Come negli Anni di Piombo i servizi segreti atlantisti usavano gruppi di estremisti politici per influenzare le politiche europee, oggi è il fondamentalismo islamico a essere infiltrato e diretto contro i nemici dell’Occidente: in Cecenia e Xinjiang contro Russia e Cina, ma soprattutto lungo l’arco mediterraneo-centroasiatico, dall’Algeria al Pakistan, contro le potenze regionali che resistono all’espansionismo statunitense. Il fenomeno della “primavera araba” altro non è stato che il tentativo di liberarsi di questi antagonisti e ridisegnare il sistema di alleanze che Washington ha costruito nella regione. Ma ha comportanto anche lo svelamento decisivo di come gli Stati Uniti sfruttino integralmente l’islamismo, fino alle sue propaggini jihadiste .La caduta della Libia di Gheddafi, la mattanza nella Siria di Assad e i rovesciamenti di governo in Egitto, Yemen, Tunisia sono stati portati avanti da attivisti e miliziani diversamente intrisi di retorica salafita e wahhabita e finanziati da Arabia Saudita e Qatar, monarchie assolute alla ricerca di un’espansione anche ideologica nel mondo islamico, e dalla Turchia, col progetto neo-ottomano di Erdogan: in breve, i tre vassalli degli USA nell’area. Il passaggio dall’attivismo politico alla “guerra santa” è stato evidente in modo particolare nel caso libico, e lo è ancora sullo scenario siriano.
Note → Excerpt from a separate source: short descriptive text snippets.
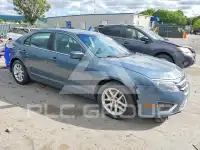 2012 Ford FUSION photo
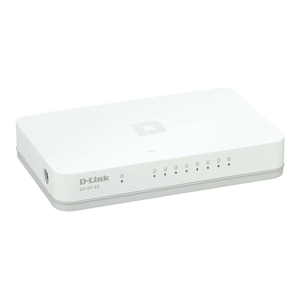 D-link Switch 8 port 10/100  GO-SW-8E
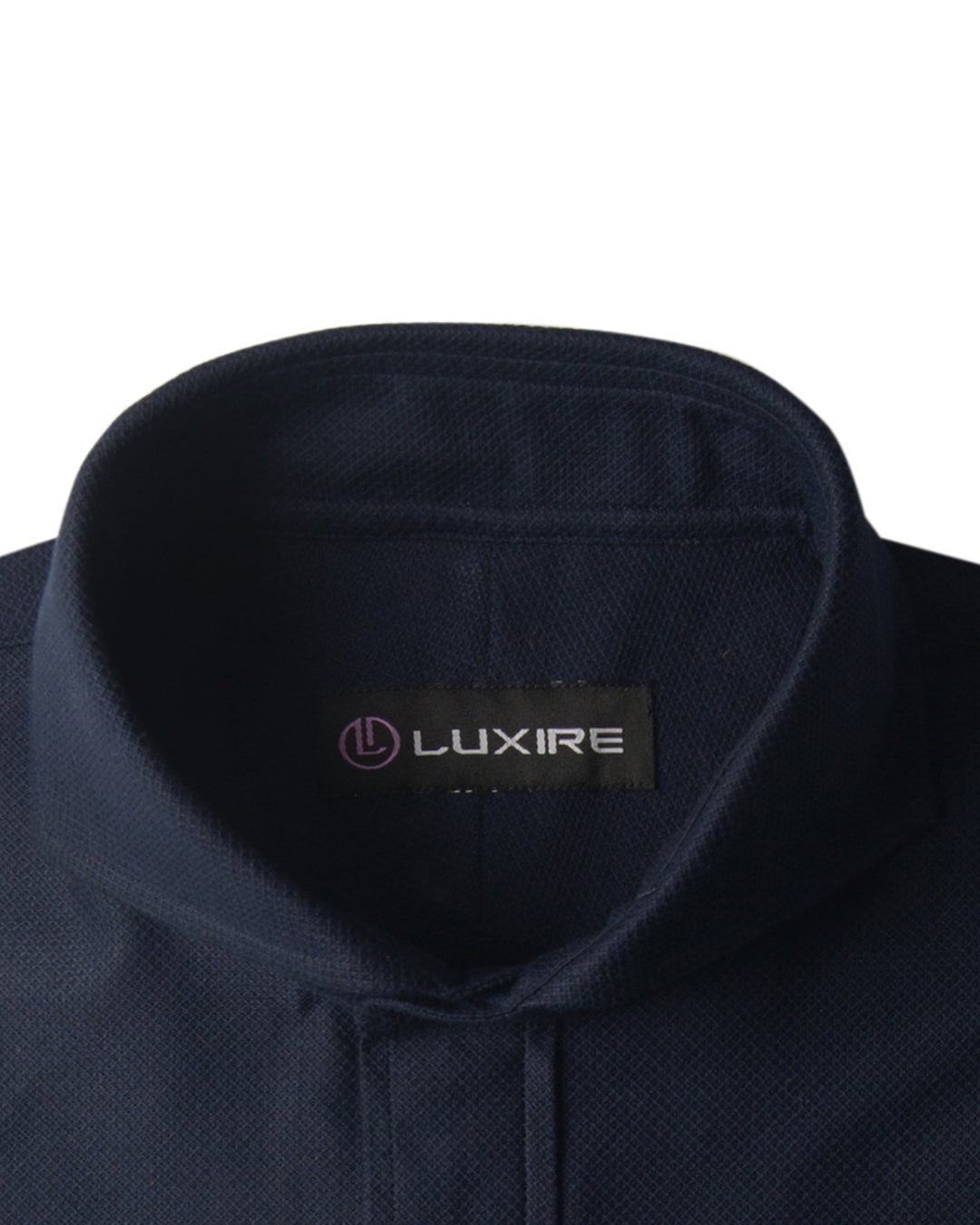 Navy Cellulare Shirt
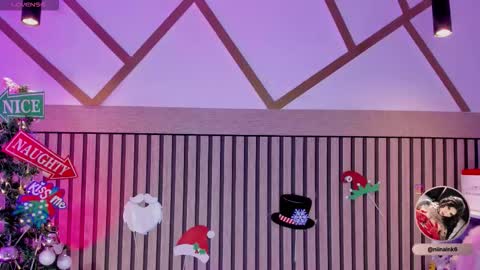 NINAINK online show from 12/18/25, 01:06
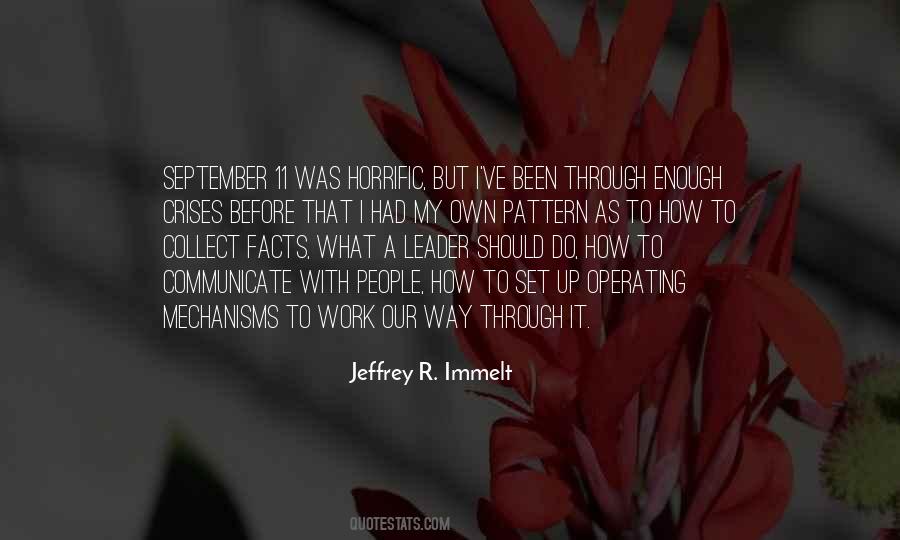 Jeffrey R. Immelt Quotes #1402431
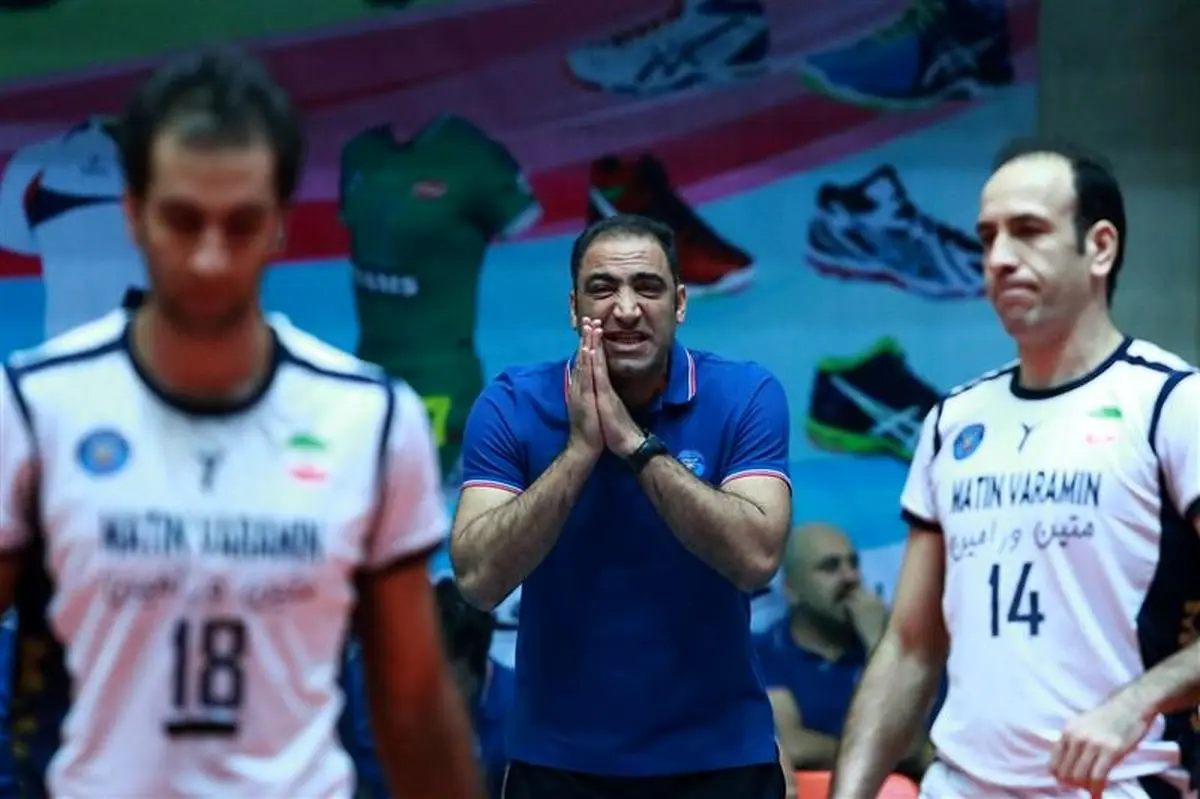 محمد ترکاشوند: در والیبال حق‌کشی می‌شود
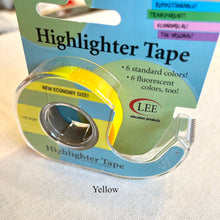 Load image into Gallery viewer, Highlighter Tape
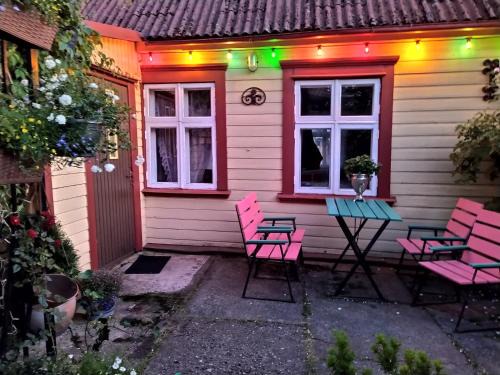 Parnu Apartamento | Romantic Seaside House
In entrambi i casi le opposizioni locali ai governi laici della Jamahiriyya e della Siria baathista si sono lentamente diluite nei diversi gruppi jihadisti che le hanno infine divorate, rilevandone l’azione dissolutrice.

Variegata la provenienza geografica di questi combattenti, dal Caucaso all’Arabia fino all’Africa Nera, il che porta a concludere che riferirsi a questa nuova dimensione del terrorismo col nome collettivo di Internazionale Jihadista sia qualcosa in più della trovata da pennivendolo. Del resto, la comparsa improvvisa del fenomeno ISIS nell’area mesopotamica, il risveglio psichico del mito islamico del Califfato (nella sua versione radicalista) che ha di fatto portato buona parte dei miliziani jihadisti di tutto il mondo (Boko Haram in Nigeria, l’Emirato di Derna in Libia, il sostanziale assorbimento di al-Qaida nello Stato Islamico) ad associarsi ad Al-Baghdadi, rappresentano una tappa di autocoscienza da parte del jihadismo, non più frammentato in diverse aree del globo, ma aggregato attorno a un “cuore” pulsante. Che questo movimento centripeto sia funzionale alle strategie atlantiste contro Siria e Iran è quanto garantisce la sua sopravvivenza ed espansione: senza petrodollari e connivenza occidentale la nebulosa jihadista svanirebbe in breve tempo.

Al momento però il virus agisce ed ha portata intercontinentale, se pensiamo che sfrutta tanto le rotte dell’immigrazione quanto i “dannati della terra” che il radicale individualismo dell’Occidente produce, da buon anus mundi, ovvero le migliaia di adepti e simpatizzanti ben inseriti sul nostro territorio, ammaliati dalla possibilità di un’esistenza finalmente piena di senso, per quanto mortifero. Queste sarebbero le radici occidentali del jihadismo, che pure meritano ulteriori analisi. Ma questo è un ben altro capitolo.